Group says New York regulator’s actions on Allstate ‘very likely illegal’
The New York insurance commissioner’s decision to seek additional information from Allstate Corp. about possible credit default swap activity is drawing fire from a free-market think tank.

Eli Lehrer
Two analysts at the Competitive Enterprise Institute attacked New York State Insurance Superintendent Eric Dinallo’s decision to investigate Allstate after the company’s CEO’s outspoken support for a federal regulator.
The analysts, CEI senior fellow Eli Lehrer and CEI counsel Hans Bader, say they believe Dinallo’s call to investigate Allstate is “simply a cover for illegal efforts to chill the company’s speech.”
The men allege that Dinallo’s actions are “very likely illegal” and suggest that “companies [Dinallo] has attempted to intimidate sue the New York State Insurance Department.”
“What Superintendent Dinallo did is outrageous,” Lehrer said in a statement. “I disagree with a lot of things that Allstate has said and done but this is a blatant effort at intimidation.”

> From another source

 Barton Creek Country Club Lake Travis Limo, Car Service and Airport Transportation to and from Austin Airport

Allstate’s CEO, Tom Wilson, wrote a New York Times op-ed piece April 15, in which he argued for federal regulation of insurance companies. In that piece, he also indicated that his company may have been involved in credit default swaps, the vehicle that caused American International Group to require nearly $170 billion in federal aid since September 2008.
“You know or ought to know that the interconnectedness of all financial markets means that anybody involved in issuing or purchasing debt instruments-things that almost all insurers do-played a ‘small role’ in unregulated insurance markets,” the letter states. “It seems that Mr. Wilson’s statement was simply an acknowledgment of lawful business practices that are already common knowledge. Thus it appears that you are opening an inquiry under false pretenses.”

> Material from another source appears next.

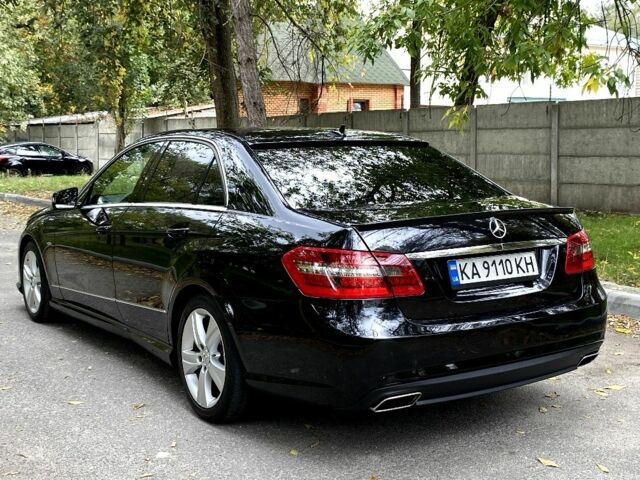 Черный Мерседес 220, объемом двигателя 2.1 л и пробегом 269 тыс. км за 13500 $, фото 4 на Automoto.ua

The authors allege that Dinallo’s “real agenda may be to stop insurers, particularly large companies like Allstate, from calling for federal regulation of the insurance industry – something that may diminish your authority over such companies.”

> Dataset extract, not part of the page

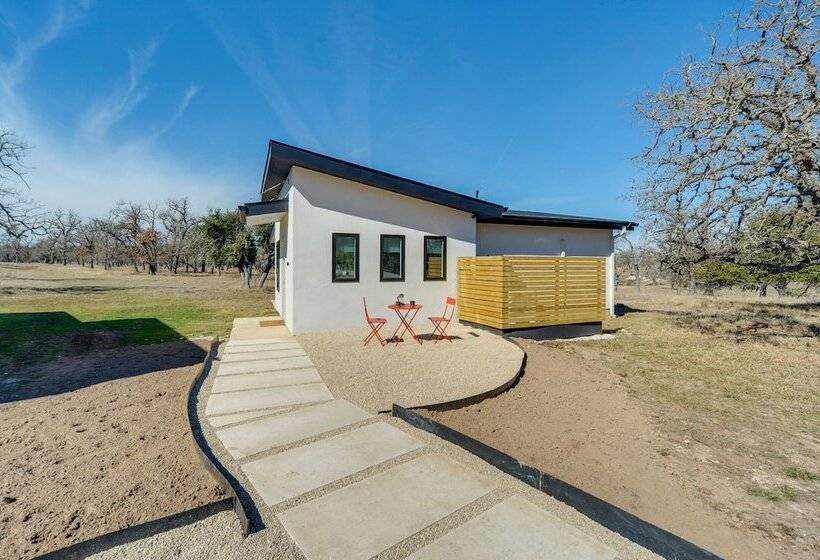 Art Ranch Fredericksburg Home 13 Mi To Main Street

Lehrer and Bader’s letter also suggests that Dinallo has been lobbying insurance companies to oppose a federal regulator.
“It is widely known that your employees have made telephone calls to other insurers operating in New York State asking them to back off of efforts to promote federal regulation of insurance. Thus, it appears rather certain that your real agenda has little or nothing to do with your publically [sic] expressed motives,” the letter said.